By the early '80s, the fruits of Johnson's business savvy had begun to exceed the fruits of his musical skills, so he retired from music and concentrated on his chain of Solomon's Fish restaurants, and for several years his professional decisions were vindicated with financial prosperity.

Then the bottom fell out. His wife sued him for divorce, and his restaurant franchises began to default on their loans. When the legal dust had settled, Johnson was broke. "That knocked me completely out the box," he remembers. "All I had was a bed and a TV."

It was then that the rappers began to go mad for "Different Strokes." "Everybody sampled it," Johnson laughs. "I made all the money back that I'd lost, and then some. It started with the Geto Boys, and the Wu-Tang Clan--God! What a wonderful bunch of people! And Whodini paid me really good too. I got about $40,000 from them."

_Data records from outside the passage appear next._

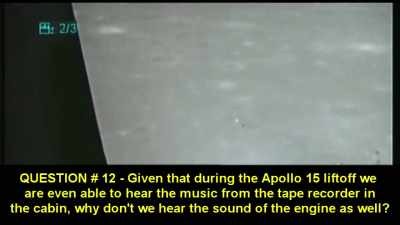 Because during
Apollo 15 liftoff - American Moon
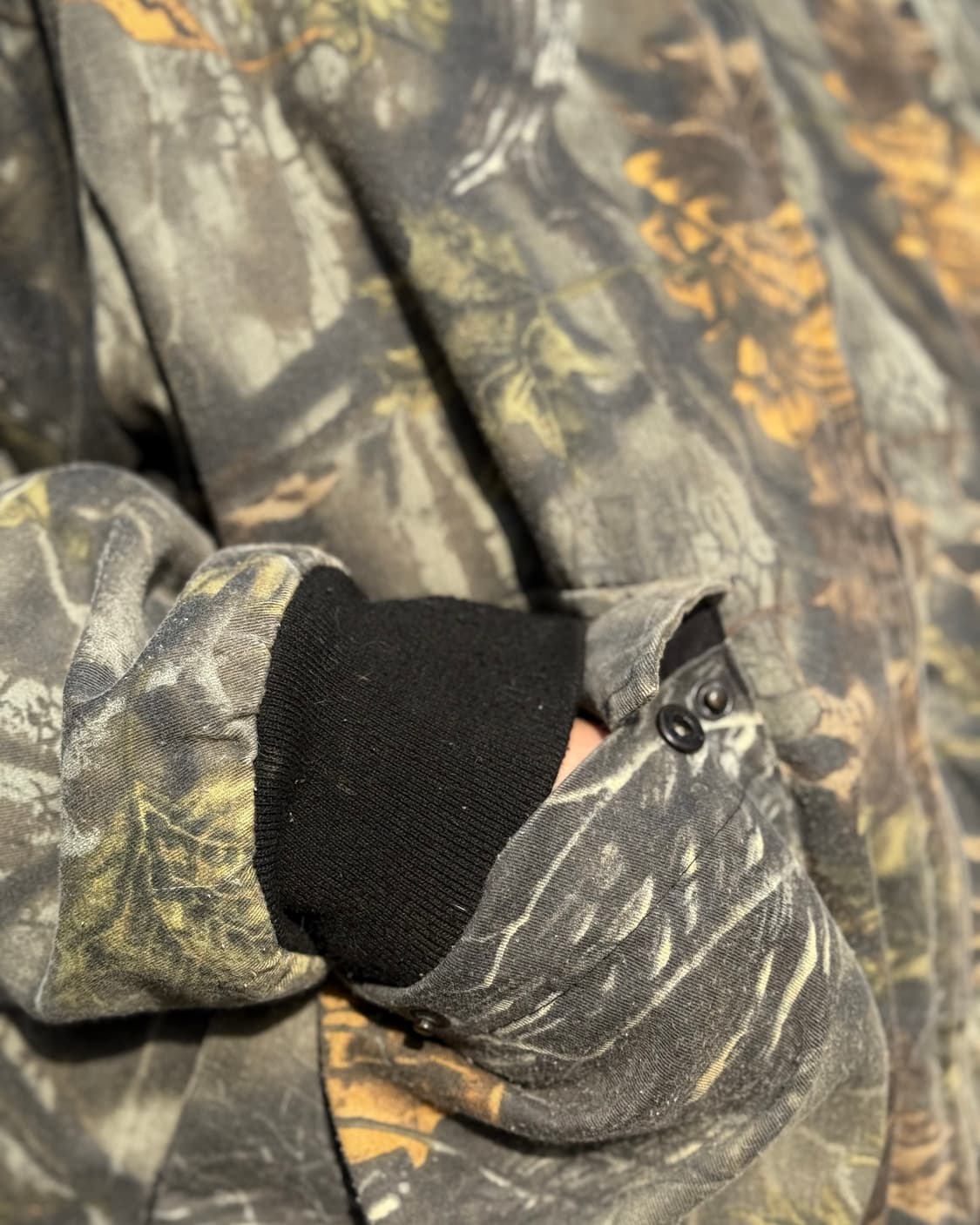 90‘s 테크스킨 코튼우드 카모 패턴 봄버자켓 105-107 상품이미지10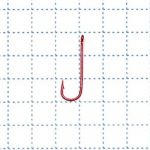 Крючок Koi Round Bend, размер 12 (INT), цвет RED (10 шт.)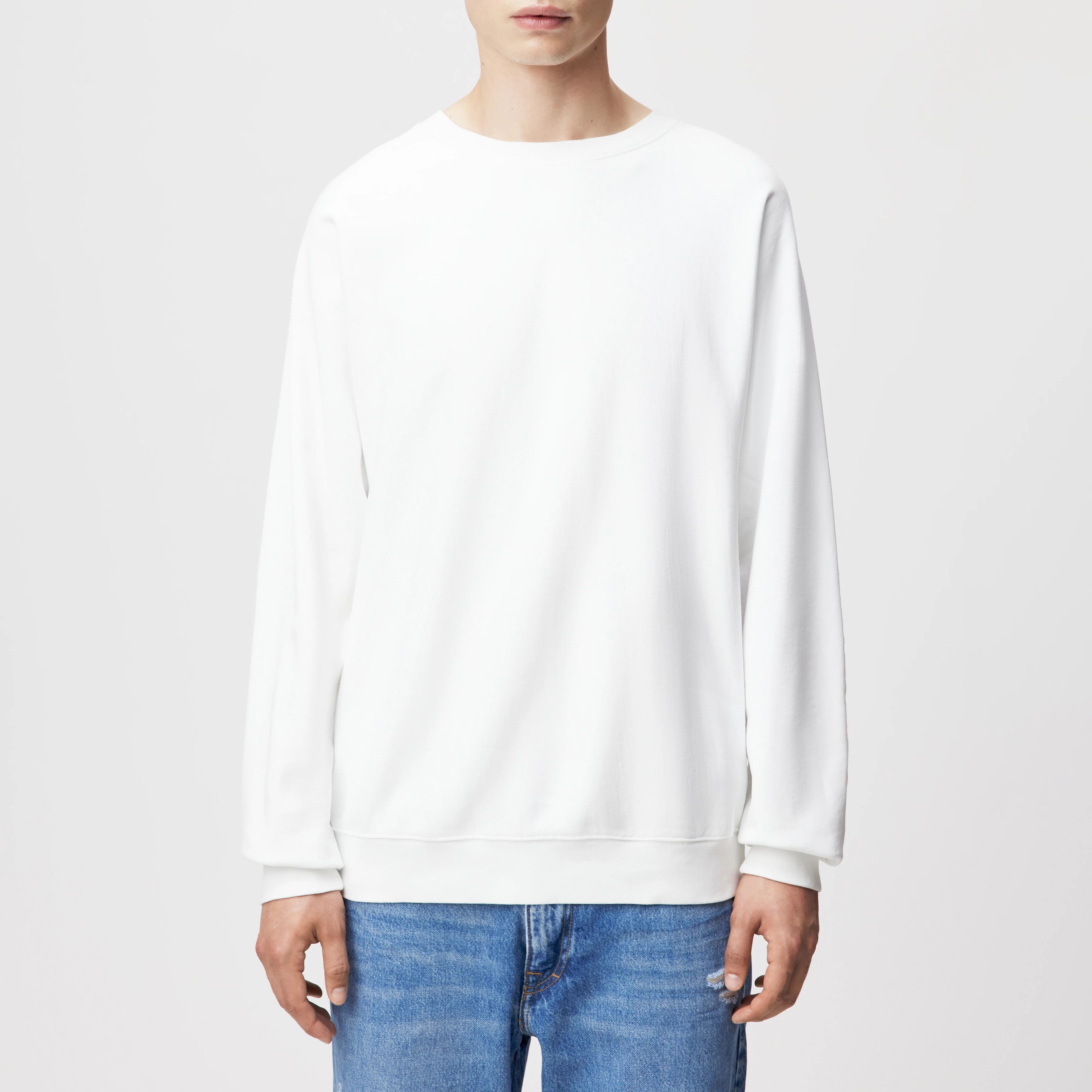 Herren Sweatshirt NIELO in weiß von DRYKORN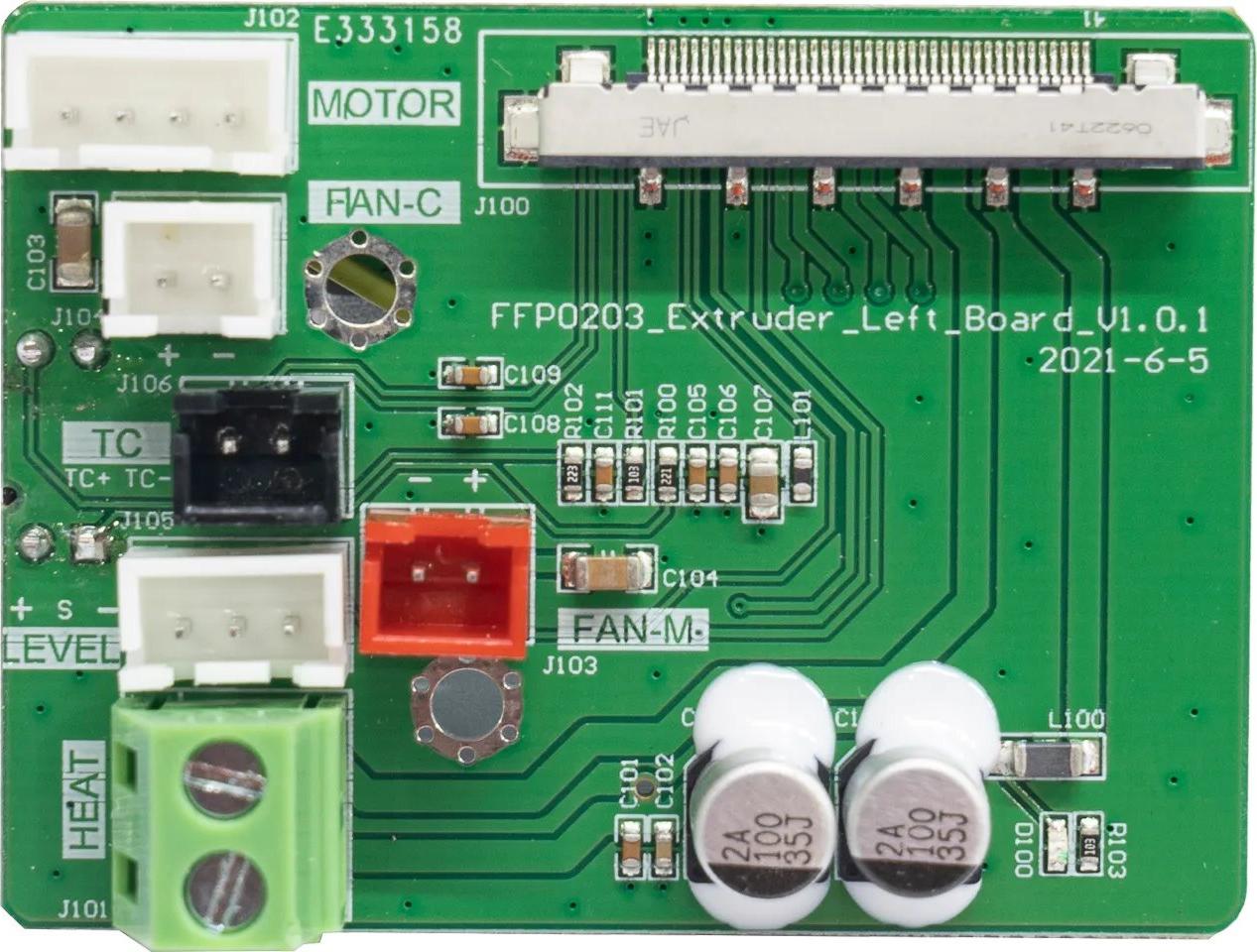 C3P Extruder Adapter Board L FlashForge Zubehör Flashforge (30002137001)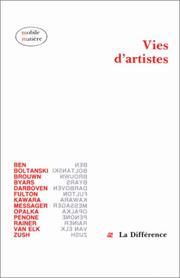 Cover of: Vies d'artistes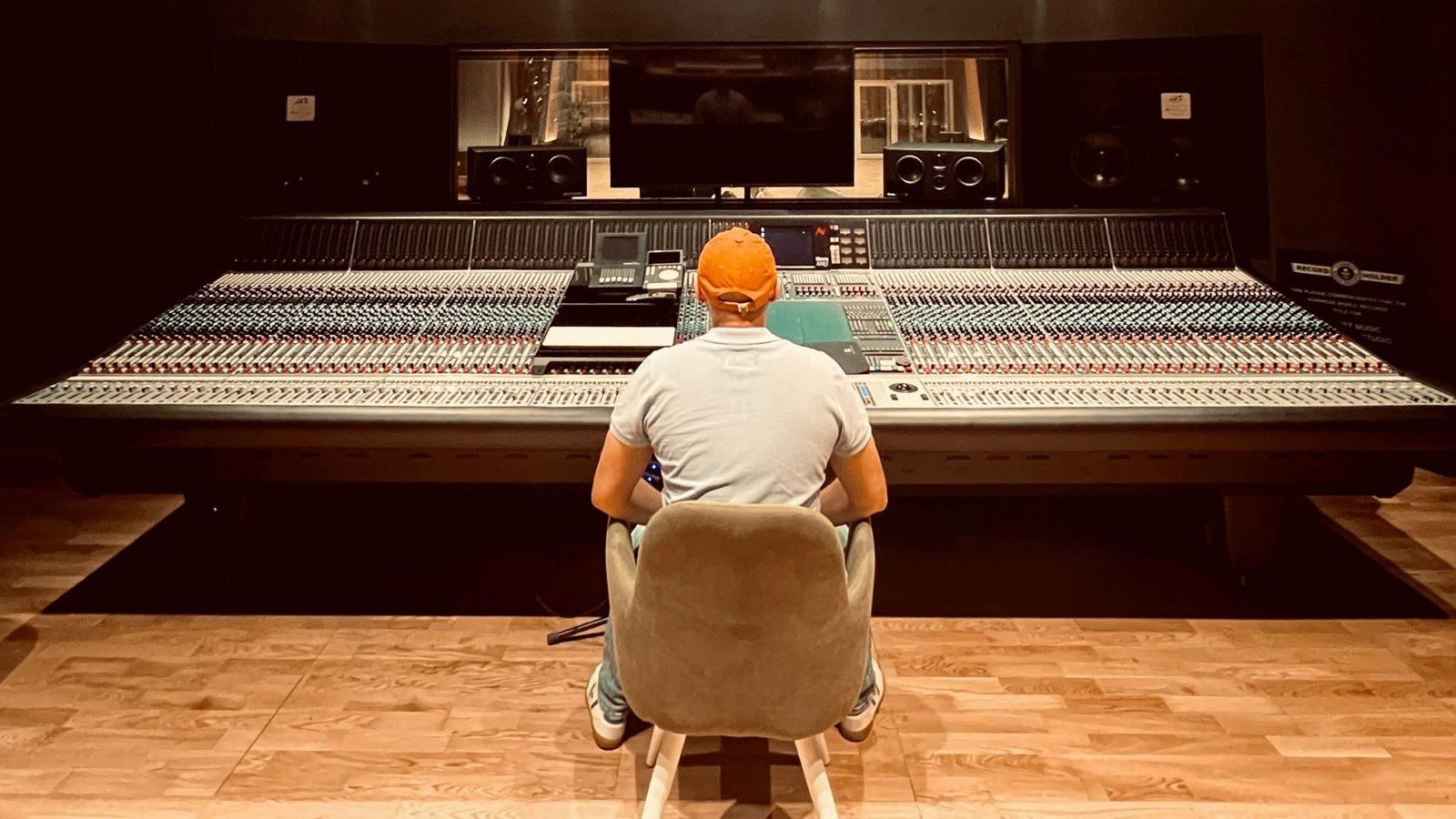 Ahmed at a Neve console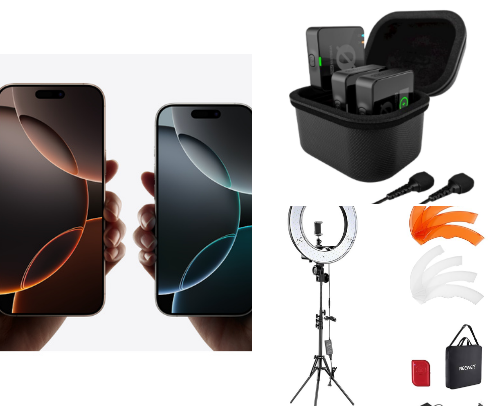 Content Creator Essentials: Gear, Tools, & Must Haves cover photo collage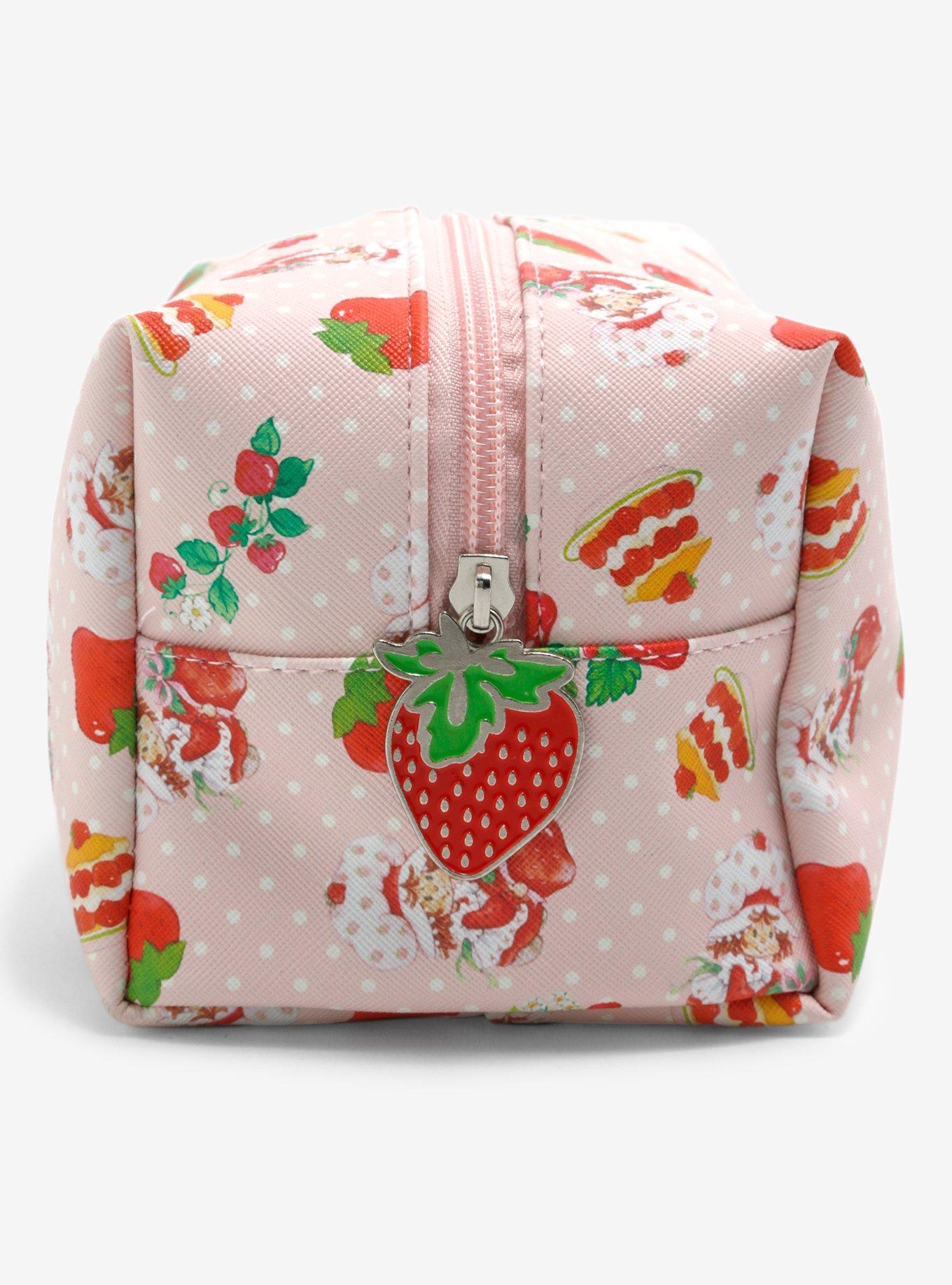 Strawberry Shortcake Polka Dot Makeup Bag, , alternate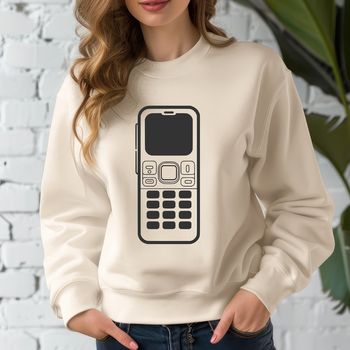 A high-tech representation of a cell phone in vector format.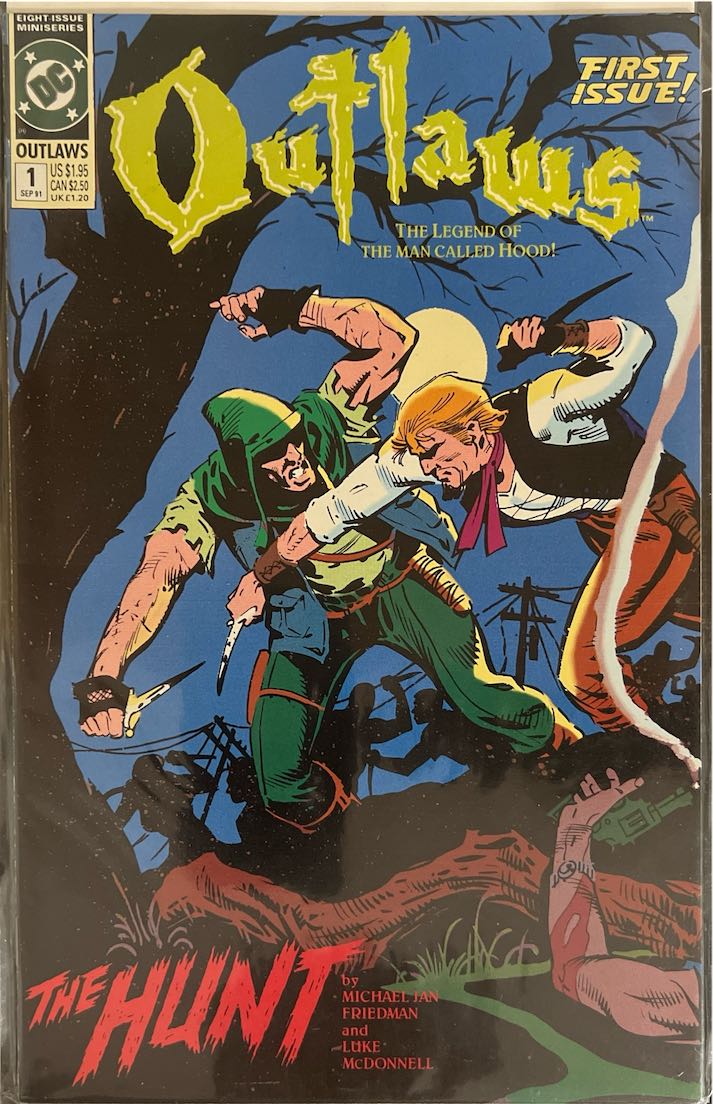 Outlaws, #001, The Legend of the Man Called Hood! (DC Comics, 1991) - Direct Edition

Johnson cannot say the same for MC Hammer, Big Daddy Kane, Ice Cube, Ice-T, Michel'le, NWA, Sister Souljah, Public Enemy, EPMD and Erick Sermon, and Tone-Loc, each of whom sampled him and each of whom paid him little or nothing. "TLC, and En Vogue, I'm still chasing them," Johnson says.

It was this new wave of attention that re-whetted Johnson's appetite for performing, and despite his disappointment over the American version of Bridge to a Legacy, he intends to make the follow-up albums that his Antone's contract calls for. "I'm just going to try to work with them, man, and see what the fuck I can do with them."

For the first time in his career, with neither James Brown nor Al Green providing any serious competition, the R&B spotlight may finally be Johnson's for the seizing. If the best parts of Bride to a Legacy are any indication, Soul Brother Number Two intends to spend his twilight years moving on up a little higher.